Dans le premier cas, les feuilles de métal précieux sont battues très finement, mais demeurent plus épaisses que celles vendues de nos jours. Cette spécificité offre une malléabilité propice à la manipulation, en particulier lorsqu'il faut s’adapter à une surface qui n’est pas plane. On utilise alors des feuilles de 24 carats, de bonne qualité et très pures. La technique requiert nécessairement une certaine habileté et un outillage conservé à l’abri de la poussière.

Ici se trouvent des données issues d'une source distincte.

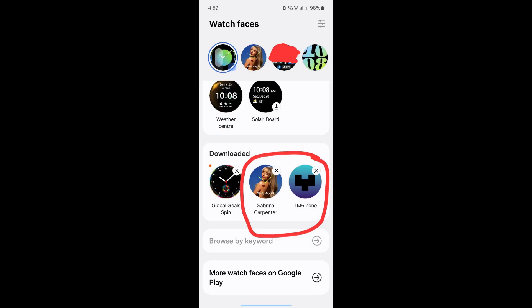You can see now we have the two custom watch faces. If we check the Galaxy Wearables app, since I am using a Galaxy Watch. But on any other watch, you can check it using its own app. And it will show you the apps, watch faces, etc.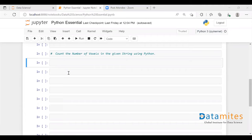Hey everyone, welcome to this video. In this video we are going to see how to write a Python program to count the number of vowels in the given string. First I'm going to get a string and check whether each character is present in a list of vowels that I'm going to create.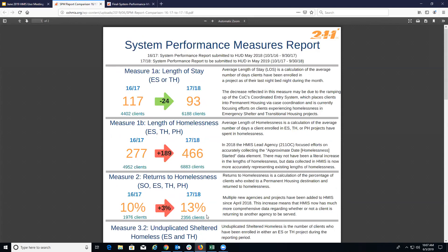The additional participation also makes our data more accurate because we now have a more complete picture of what's happening in our CoC. There have also been areas we focused on as a CoC over the past year in terms of data quality and accuracy, which is another reason many of these measures changed the way they did. Both documents are posted on our website now and will be included in the meeting minutes, so you're welcome to review them in more detail.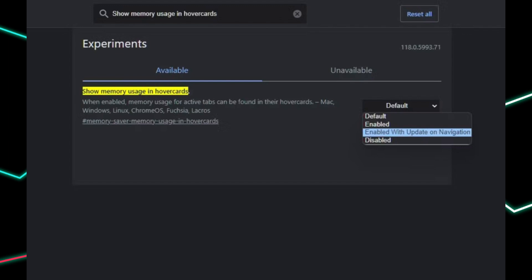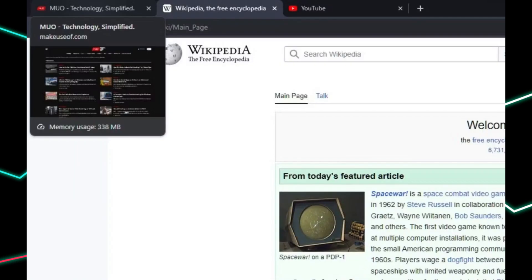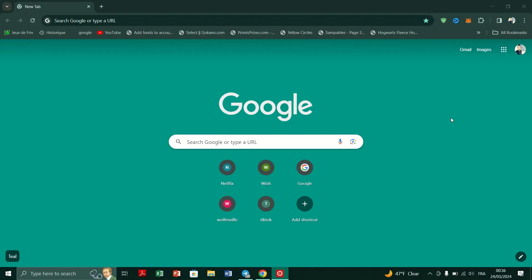To check your RAM usage with hover cards, hover your cursor over any open tab in Chrome. A hover card will appear displaying real-time information about the tab's memory usage. Close resource-intensive or unnecessary tabs directly from the hover card by clicking on the X button.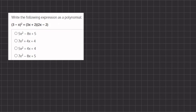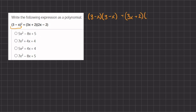In this problem we want to write the following expression as a polynomial — that means we cannot have exponents outside of our parentheses; they have to be on the variables themselves. To expand, we are going to write this in its full version: 3 minus x squared is also written as 3 minus x times 3 minus x, and the rest of our expression is 3x plus 2 and 2x minus 2, both being multiplied by one another.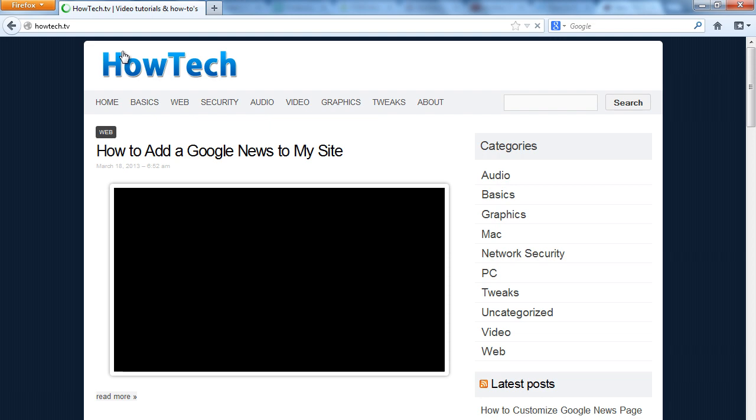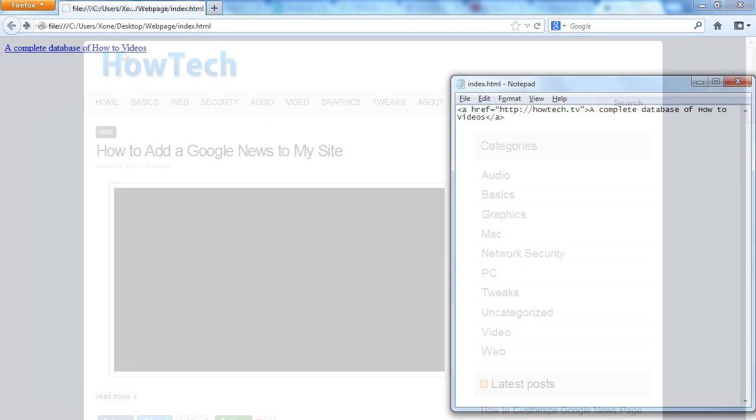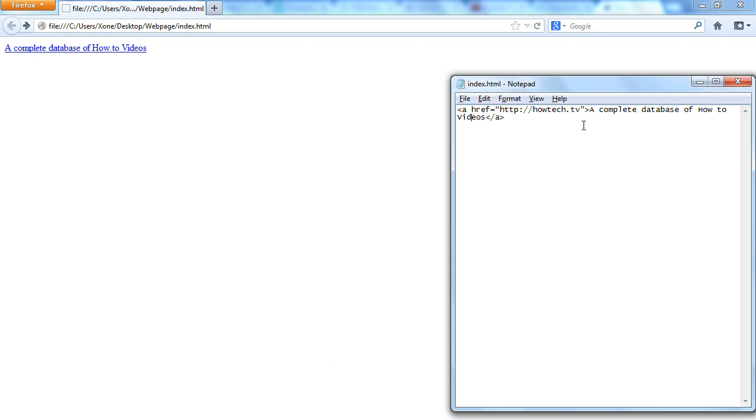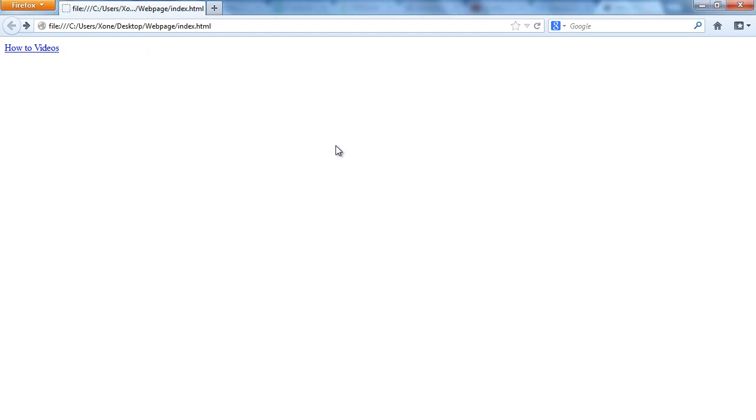When writing anchor texts, it's important to be descriptive yet concise. Let's get back to the phrase we were working on previously. A complete database of how-to videos gives you a complete picture of what the link will be about. Only writing how-to videos, on the other hand, can be a bit vague.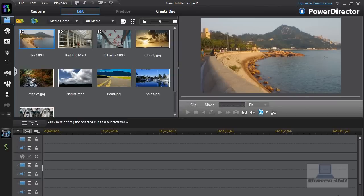Hey what's up guys, Moen360 here. I'm here to do a tutorial, a PowerDirector 11 tutorial on how you can add a logo or watermark to your videos with PowerDirector 11.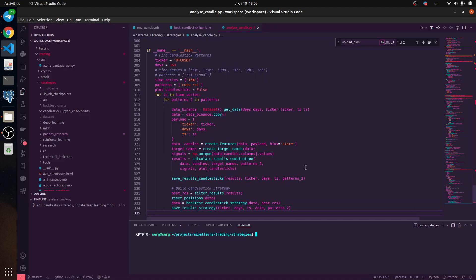Today we are going to continue talking about our competitive trading strategy. I developed some Python files so we could create this strategy using a combination of candle patterns and analyze another pattern — for example, RCI, volume, or change of price. We are looking for a combination between candle patterns and another pattern, and this combination could give us some good results for backtesting. We also need to test it for production.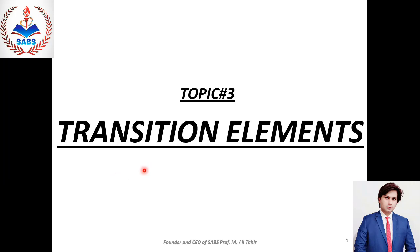Bismillahirrahmanirrahim. Dear students, Assalamualaikum. I am your chemistry teacher, Ali Tahir. Today we are going to discuss UHS Chemistry, Book 2, Inorganic Chemistry, Topic 3.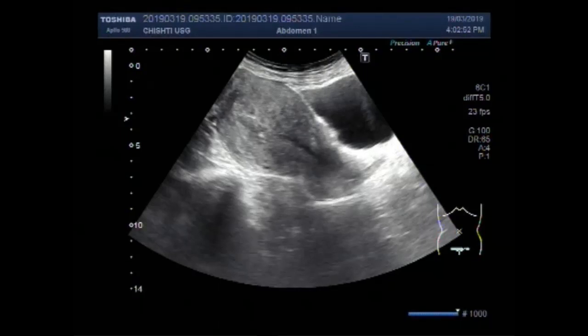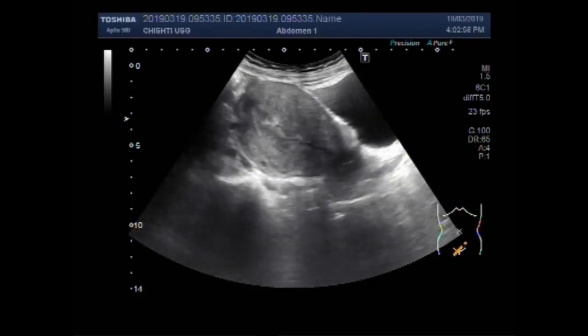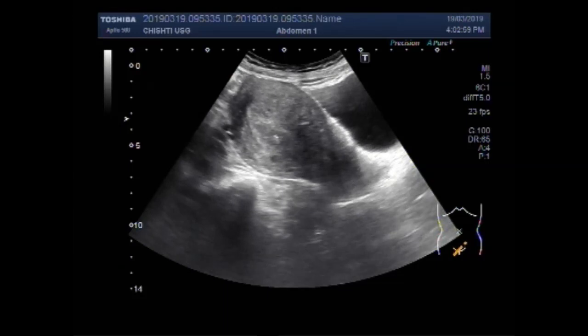Dear viewers, I hope you are all fine. This ultrasound video shows multiple findings in the uterus and ovary.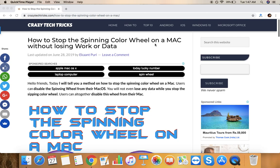Hello friends, welcome to Crazy Tech Tricks YouTube channel and this is our website crazytechtricks.com. First of all, I just want to tell you if you have not subscribed to our channel, then please do subscribe and do watch this video complete.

Dans le second cas, la feuille d’or est broyée avec du miel, voire avec du blanc d’œuf. Réduite en poudre, la feuille est utilisée comme pigment avec la gomme arabique ou un liant organique protéinique, comme une colle animale.

Vies des saints Pères

Nord de la Loire, fin XIIIe siècle

SSous le titre de Vitæ Patrum et de Verba seniorum, les sentences des Pères du désert ont nourri la spiritualité de l’Occident monastique, en particulier à partir de la première traduction du grec. Les vies relatées sont celles de moines de l’Antiquité tardive (IIIe et IVe siècles) ayant vécu en communautés ou en ermites en Égypte, en Palestine et en Syrie.

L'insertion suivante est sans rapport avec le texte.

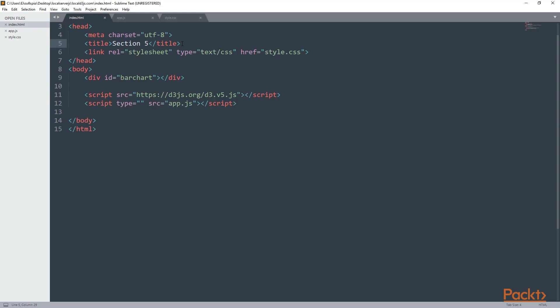First of all we have the index.html file, and here the only thing that I've changed since the previous section is the title. Now we have section 5, and the other thing is that I deleted the button, and that's it.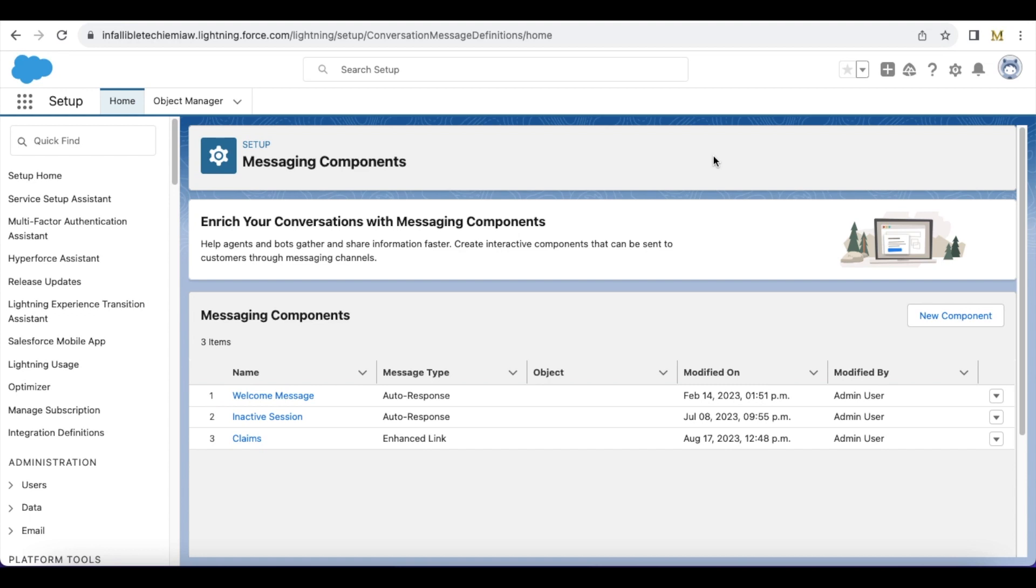Hello everyone, in this video we are going to see how to send a hyperlink or a URL when we use Salesforce Einstein bot with Salesforce for messaging for in-app and web.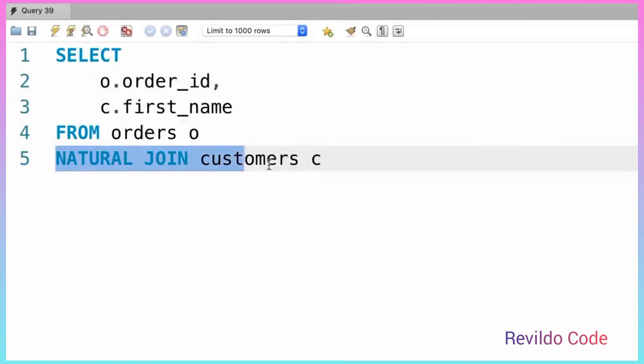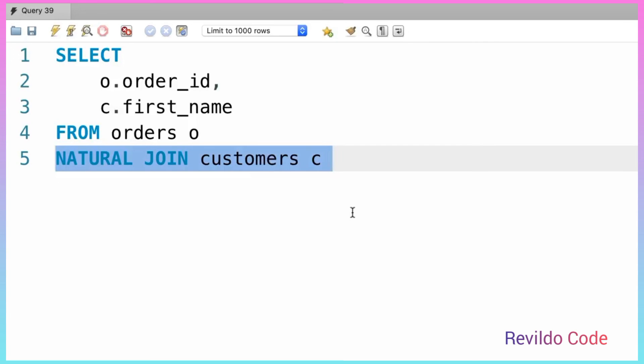So natural joins are really easy to code, but they can be a little bit dangerous because we're letting the database engine figure out or guess the join. We don't have control over it. For this very reason, natural joins can produce unexpected results and that's why I discourage you from using them.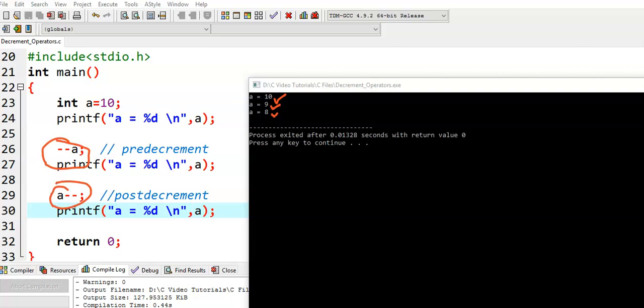Both are decreasing a variable's value by 1. Then where does the difference arise? The difference arises when we apply the decrement operator in combination with an assignment operator, or when we apply the decrement operator in an expression. We see those examples.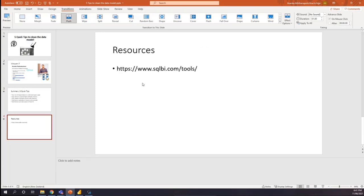For the resources, for how do you download the DAX Studio, you can go to SQLBI.tools page and download the DAX Studio and there are a lot of other third-party tools as well. Yep, that's pretty much it.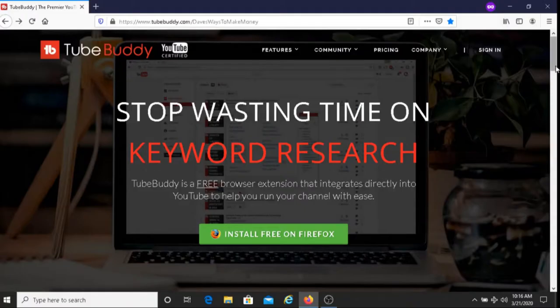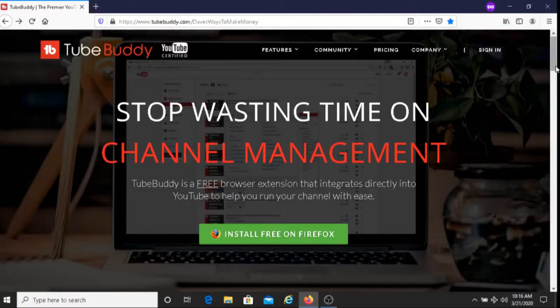For today's video, I just wanted to let you know that there is a free version of TubeBuddy. For those of you who are interested in downloading it, I will put my TubeBuddy link below this video. TubeBuddy is a browser extension intended for YouTubers who want to save time with their videos and also for YouTubers who want their channel to grow.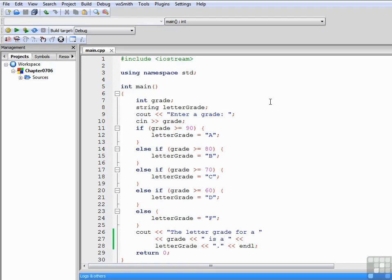This is a classic example of a structured if-else-if problem. And in my next video I'd like to show you how we can improve this program, or at least modify it, by adding logical operators.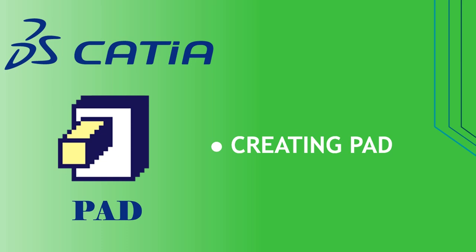Welcome to creating a pad tutorial. Pad is one of the sketch-based features in CATIA. Features or entities you combine to make up your part.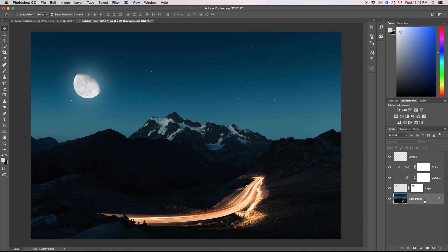Cool so that's all I have for you guys, that's the three steps to quickly adding a moon into any photo in Photoshop.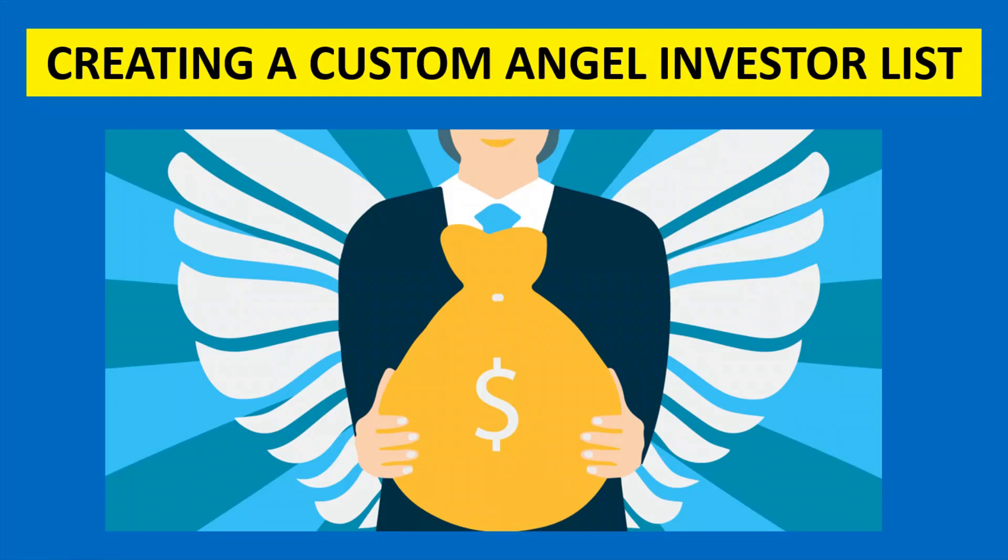Hi, my name is Andrew. Thank you for visiting my YouTube channel. In this video I'm going to highlight the creation of a custom angel investor list.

Ce volume copié par Jean Tartivint présente une graphie gothique, décorée d’initiales rouges et bleues à filigrane. Comme le montre cette double page, afin de rehausser l’ensemble, les majuscules intègrent de l’or. Dans ce cas, il s’agit d’or en poudre, appelé or « en coquille » puisqu’il est généralement conservé dans des coquilles de petits mollusques (moules, palourdes, coques, praires, etc.). Au moment de la pose, l’or finement broyé est mélangé à un liant (dorure à l’eau).

Ambroise, Œuvres

XIIe siècle

Cette couvrure de veau brun est représentative des reliures mauristes du Mont Saint-Michel. On sait que les moines de la congrégation de Saint-Maur entreprennent une campagne de reliure vers 1660. Les caissons du dos sont alors ornés de fleurons dorés, à l’exception du deuxième qui porte le titre, en lettres capitales. Celui-ci est poussé directement sur le cuir et encadré d’un double filet doré à froid naturel (cuir humidifié qui brunit en réaction à la chaleur). À l’aide de fers, de palettes ou de roulettes, la dorure à chaud permet de déposer le métal en feuille sur la peau préalablement apprêtée.

Parmi la trentaine d’ouvrages qui enrichissent la bibliothèque au XIIe siècle, ceux des Pères de l’Église dominent. Entre les œuvres de saint Augustin et de saint Grégoire figurent les écrits d’Ambroise de Milan (339-397). Né à Trèves, il est le fils d’un préfet du prétoire des Gaules, c’est-à-dire un administrateur militaire et judiciaire de l’Empire romain. Évêque de Milan en 374, Ambroise rédige divers documents, dont des lettres et des sermons sur la virginité, que renferme ce codex restauré en 2017.

Louis de Camps, Histoire de la celebre abbaye du Mont Sainct Michel

Mont Saint-Michel, 1661-1664

DDurant la seconde moitié du XVIIe siècle, trois moines travaillent successivement à la rédaction d’une histoire du monastère : Jean Huynes (1609-1651) entre 1636 et 1638, Thomas Le Roy (1608-1683) entre 1646 et 1648 et Louis de Camps, entre 1661 et 1664. Seul le travail de ce dernier est parvenu jusqu’à Avranches, alors que les autres manuscrits sont conservés à la bibliothèque Alexis-de-Tocqueville de Caen et à la Bibliothèque nationale de France.

Ici, le feuillet de gauche évoque la renonciation de l’évêque Norgot au début du XIe siècle. Celui-ci aurait alors préféré devenir moine de l’abbaye, après une vision du Mont en proie aux flammes. Cet épisode fait suite à ce que l’historien nomme justement le « siècle d’or », en raison de la multiplication de donations à l’abbaye permettant l’emploi de dorures pour les reliquaires et les objets de culte. En effet, à la fin du Xe siècle, la prospérité des religieux repose, notamment, sur des dons prestigieux de Geoffroi Ier dit Bérenger, duc de Bretagne, ou de Gonnor, la femme du duc de Normandie Richard Ier.